-- Description of the task --
In the entries below, find the line with "Already packed with" and the line with "I'm going to try", then retype both and everything between them exactly. Do not copy the pictures.

-- Data shown --
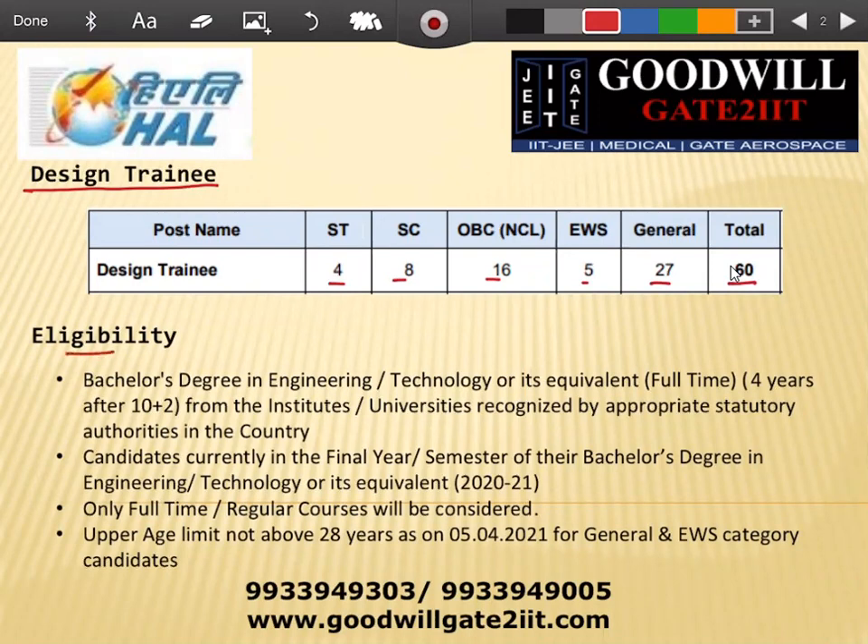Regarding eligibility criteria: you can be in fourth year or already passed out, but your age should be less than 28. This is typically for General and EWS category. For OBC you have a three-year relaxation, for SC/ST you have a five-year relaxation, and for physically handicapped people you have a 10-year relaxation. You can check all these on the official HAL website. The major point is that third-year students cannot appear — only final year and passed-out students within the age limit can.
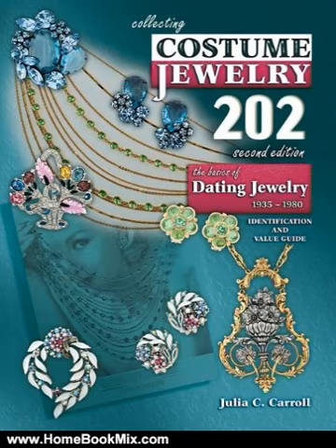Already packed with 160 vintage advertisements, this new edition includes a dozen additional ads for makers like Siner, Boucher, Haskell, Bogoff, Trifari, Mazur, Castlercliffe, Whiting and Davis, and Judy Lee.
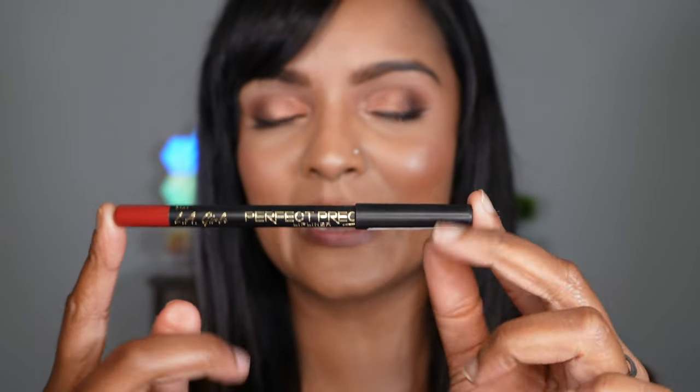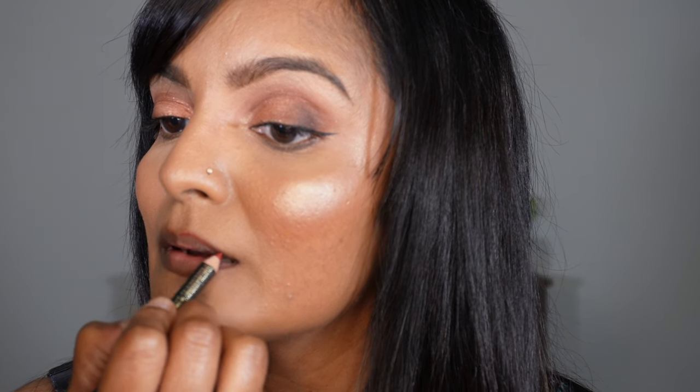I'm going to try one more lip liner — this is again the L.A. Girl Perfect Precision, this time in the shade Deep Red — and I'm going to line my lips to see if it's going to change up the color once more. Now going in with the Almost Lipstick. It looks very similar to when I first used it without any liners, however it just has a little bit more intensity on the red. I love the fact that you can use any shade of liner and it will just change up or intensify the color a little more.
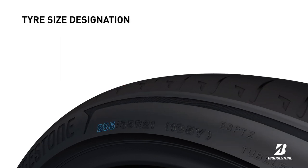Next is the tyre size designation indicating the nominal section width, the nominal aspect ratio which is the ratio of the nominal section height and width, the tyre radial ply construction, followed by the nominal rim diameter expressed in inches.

--

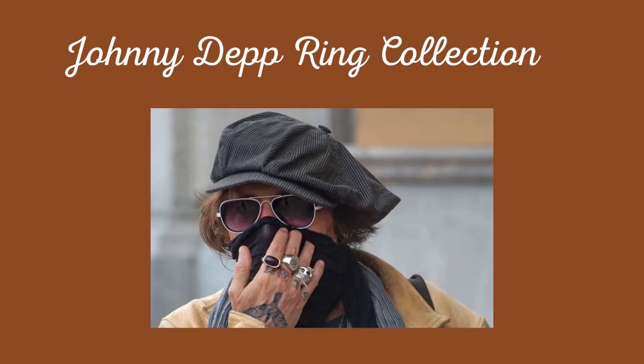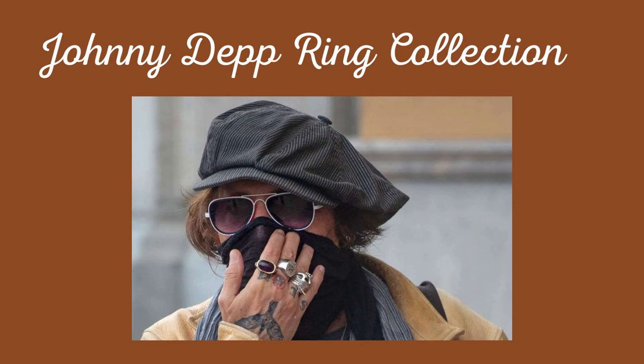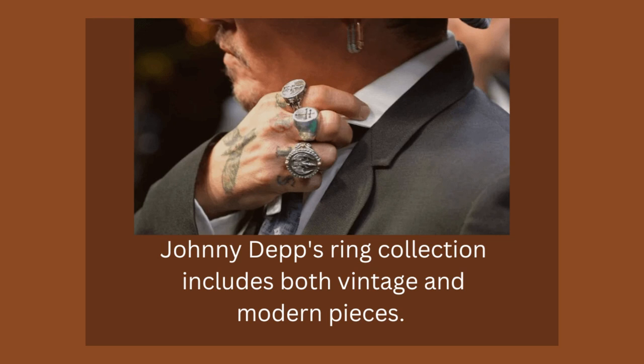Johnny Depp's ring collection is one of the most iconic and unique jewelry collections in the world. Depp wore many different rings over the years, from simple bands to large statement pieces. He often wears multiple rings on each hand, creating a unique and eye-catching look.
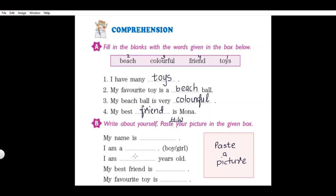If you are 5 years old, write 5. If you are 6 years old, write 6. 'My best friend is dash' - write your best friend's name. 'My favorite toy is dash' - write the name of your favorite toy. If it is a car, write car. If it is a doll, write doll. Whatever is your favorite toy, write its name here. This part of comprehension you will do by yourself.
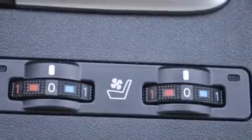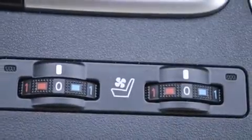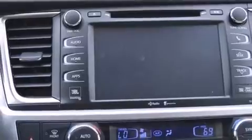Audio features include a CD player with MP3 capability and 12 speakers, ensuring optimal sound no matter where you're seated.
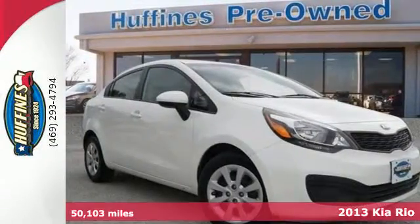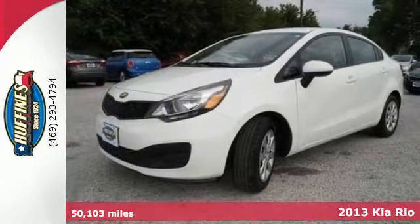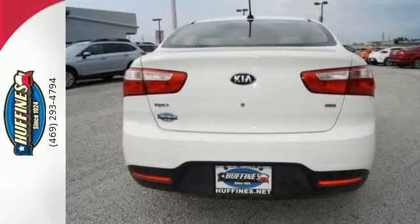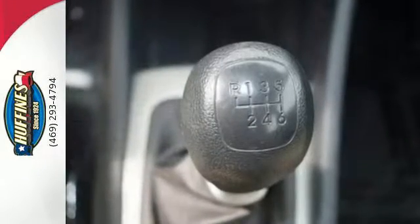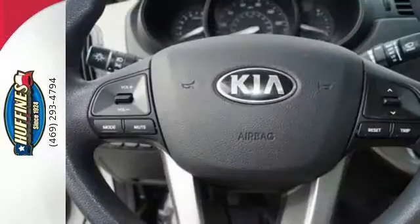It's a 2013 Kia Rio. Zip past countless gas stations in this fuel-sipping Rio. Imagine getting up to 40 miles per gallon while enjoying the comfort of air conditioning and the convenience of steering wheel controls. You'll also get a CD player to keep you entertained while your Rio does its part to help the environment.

-- Response --
Already packed with 160 vintage advertisements, this new edition includes a dozen additional ads for makers like Siner, Boucher, Haskell, Bogoff, Trifari, Mazur, Castlercliffe, Whiting and Davis, and Judy Lee.
I'm going to try one more lip liner — this is again the L.A. Girl Perfect Precision, this time in the shade Deep Red — and I'm going to line my lips to see if it's going to change up the color once more. Now going in with the Almost Lipstick. It looks very similar to when I first used it without any liners, however it just has a little bit more intensity on the red. I love the fact that you can use any shade of liner and it will just change up or intensify the color a little more.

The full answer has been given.